In Anyan's book, the individual runs in his hamster wheel - day in, day out. The delivery driver in present-day Beijing is barely distinguishable from a Kafka character in central Europe, a hundred years earlier. An anonymous power rules over him and his life. But this power is elusive - at least for the narrator. In fact, Hu Anyan began reading books more than fifteen years previously in his few spare moments and years later, recounted in an interview that the characters in Musil and Kafka had particularly touched him., you could say, has left its mark on his writing. Today's gig workers also seem to be at the mercy of an intangible force, a faceless apparatus - algorithm-controlled technology.

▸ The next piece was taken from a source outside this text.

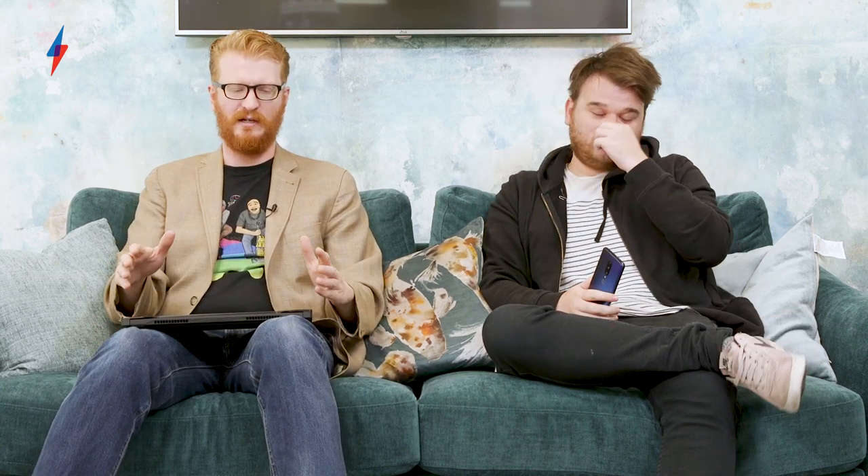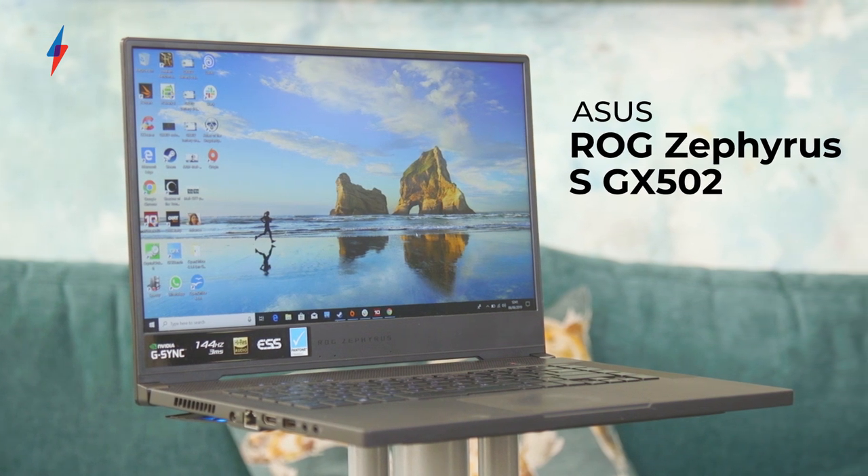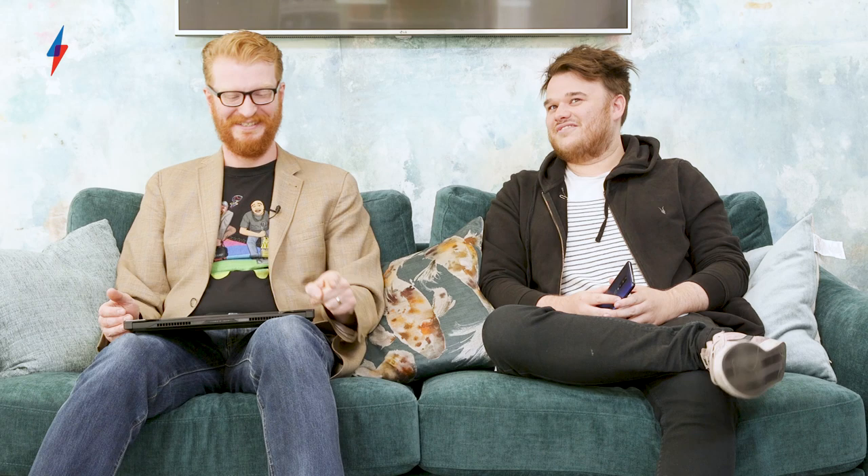There's a piece on the site with loads more information and speed tests — we'll link it below. Moving on from 5G, I have here the Asus ROG Zephyrus S GX502. It's not 5G, but it is a very nice gaming laptop from the Zephyrus line that Asus have produced. As you can see, it's quite a slim gaming laptop.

Chinese platforms control their drivers via apps, GPS and algorithms. In the competition for market share, every minute counts. Hu Anyan objectively calculates the impact of the platform economy on his work: "Our regular working hours were '996', or in other words, we were available from nine in the morning until nine at night, six days a week." According to his estimates, a delivery driver needed 7,000 yuan a month to survive in Beijing. With around 26 working days, that was 270 yuan per day, or 0.5 yuan per minute, after deducting loading and driving times. To avoid making a loss, he therefore had to successfully deliver a parcel every four minutes. "If one minute was worth 0.5 yuan, then peeing cost one yuan," Anyan calculates, "but only if the toilets were free. A lunch took twenty minutes - ten of which were waiting for the food - so it was 10 yuan time cost. A simple dish of rice and meat cost 15 yuan. Too extravagant for me! So I didn't usually eat lunch. To cut down on toilet breaks, I hardly drank anything in the morning."
Those who read the book primarily from a literary perspective will be rather disappointed. Hu Anyan belongs to is a documentary tradition that gives an authentic voice to the voiceless without placing huge importance on sophisticated dramaturgy or modern narrative styles. He opens the world's eyes to a precarious, thoroughly conflict-laden aspect of Chinese society that is rarely addressed in geopolitical debates.